5 Reasons why urban farming just works on rooftops

by Urban Vine

In urban areas with limited space, rooftops are a popular choice for not only outdoor gardens and farms but also indoor farms. Beyond the obvious space advantages to rooftop farming, there are several other reasons why rooftops are more advantageous for agricultural production.
Urban agriculture implementation will have different limits in different geographical areas of the world.

As the world population residing in urban areas is projected to nearly double by 2050, these trends will become increasingly vital to fresh food production in urban areas. 

1. Access to rainwater
Depending on roof coverage, agricultural units on urban roofs can retain up to 90% of rainwater that can be used to cultivate production and growth. With the average rainfallin the United States being over 700 mm per year, as an example, rooftop urban agriculture has a distinct advantage over other forms of urban crop growing as far as water access goes. 

2. Ample expansion space
As previously mentioned, rooftops are first and foremost ideal for urban agriculture due to their space potential. According to American Rivers, there is over 4.85 trillion sq ft of roof space in areas with populations above 50,000 people in the United States alone, and currently less than .1% is utilized, despite over 25% growth year over year for urban agriculture on rooftops since 2010. 
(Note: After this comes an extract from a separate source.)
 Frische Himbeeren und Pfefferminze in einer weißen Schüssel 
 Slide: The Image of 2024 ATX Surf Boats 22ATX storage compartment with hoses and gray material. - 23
3. Decreased likelihood of pest interference
Since the beginning of agriculture, pests have been a continual and evolving challenge for growers. Although rooftop agriculture placement is not a complete cure-all as far as pest prevention goes, rooftops may be less susceptible to issues such as rodent infestation. Beyond specifically pest interference, there is generally less risk of any interference in general on rooftop agricultural operations. 

4. Potential Air Flow Benefits
Urban and greenhouse farming research from the University of Massachusetts at Amherst points out that maintaining horizontal air flow in greenhouses with the use of fans is important for improving quality of the products grown in the greenhouse. Depending on the geographical location of outdoor urban rooftop farms, natural air flow conditions may provide similar benefits to crop production that fans would provide in a greenhouse. According the UMass research, "During daylight hours, photosynthesis depletes the carbon dioxide that is in the boundary layer of air next to the leaf. Moving air will replace this depleted air with fresh air having a higher carbon dioxide content".

5. Effect of urban noise on urban rooftop plant growth
Botanical studies from as early as 1962, have shown that ambient sound can have a positive effect on the production of agriculture. In fact, the difference in plant health between those grown with sound and those grown without sound has in some instances not even been close, with plants cultivated in the presence of ambient sound having growth acceleration in excess of 20% and increased biomass of 78%

But how much more sound is present on an urban rooftop than a rural plot of farmland?According to Engineering Toolbox, the level of audible sound in rural wilderness areas tends to average to about 30-40 dBA whereas average sound levels in urban areas will usually approximately 85-90 dBA .

For these reasons, urban rooftops may be the best place to start with an urban farm.